◆ Instructions to follow ◆
Your task is to restate word for word the lines in the material below, from the one with "#blanc Tableau de" up to and including the one with "20 Old Route 25A, Northport, NY 11768". Do not carry over the pictures.

◆ Data in this exercise ◆
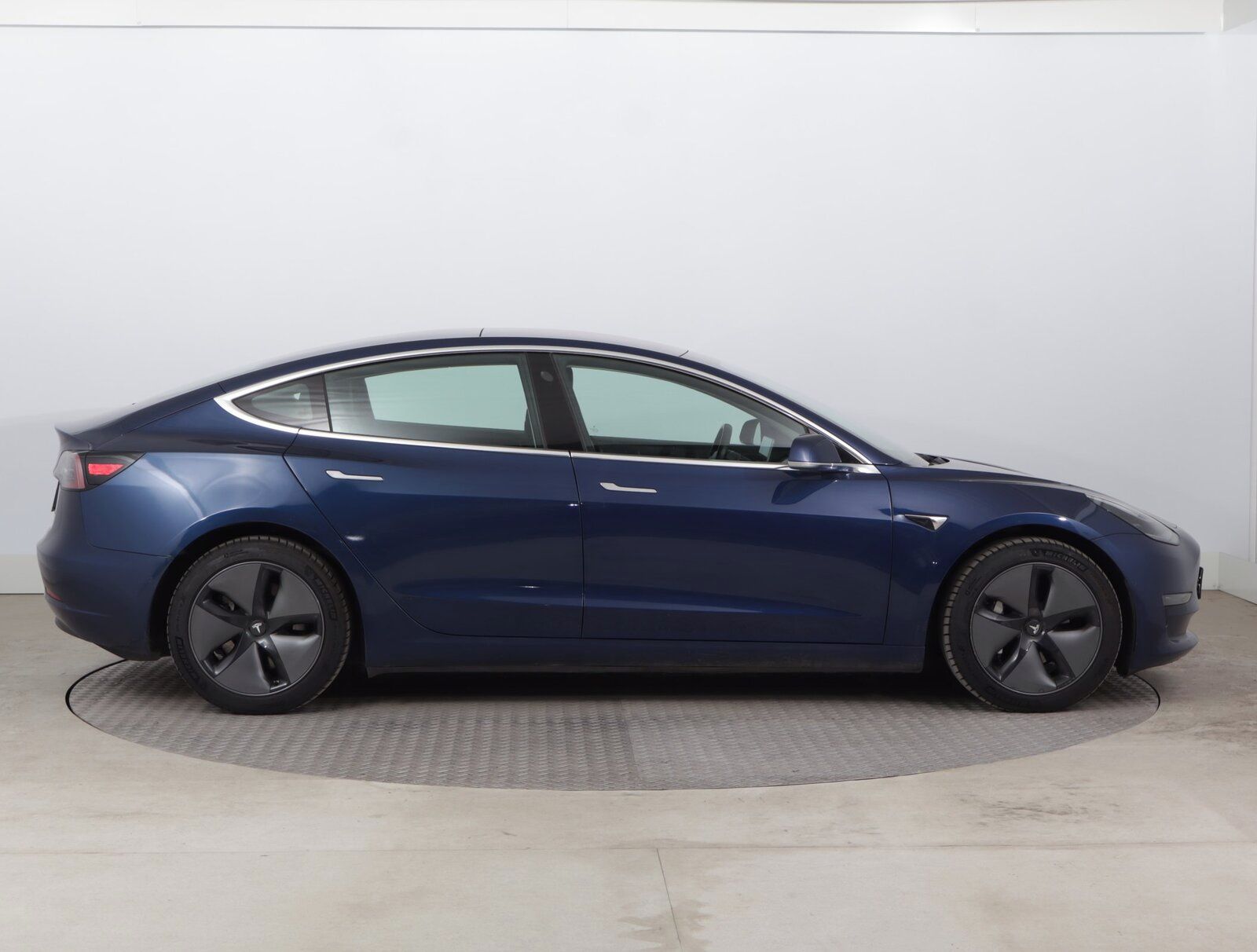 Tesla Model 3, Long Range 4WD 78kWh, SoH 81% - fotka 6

---

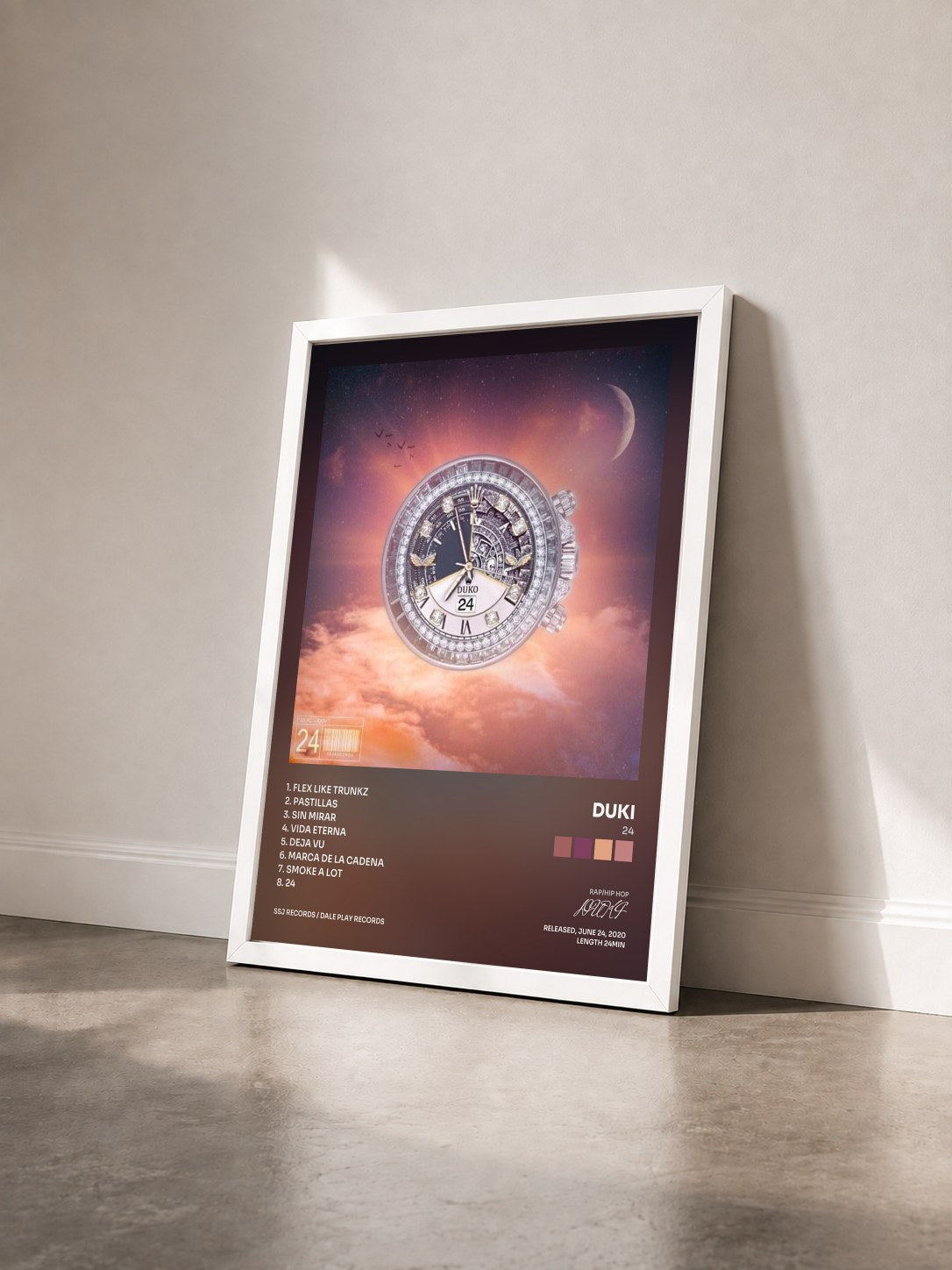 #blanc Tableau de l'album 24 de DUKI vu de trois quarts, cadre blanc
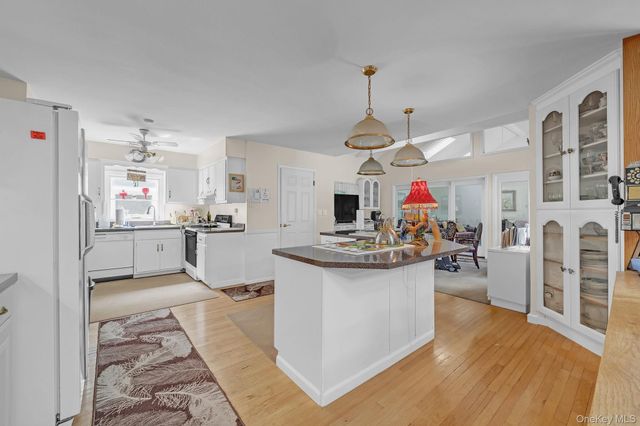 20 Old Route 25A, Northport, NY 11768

◆ Answer for this exercise ◆
 #blanc Tableau de l'album 24 de DUKI vu de trois quarts, cadre blanc
 20 Old Route 25A, Northport, NY 11768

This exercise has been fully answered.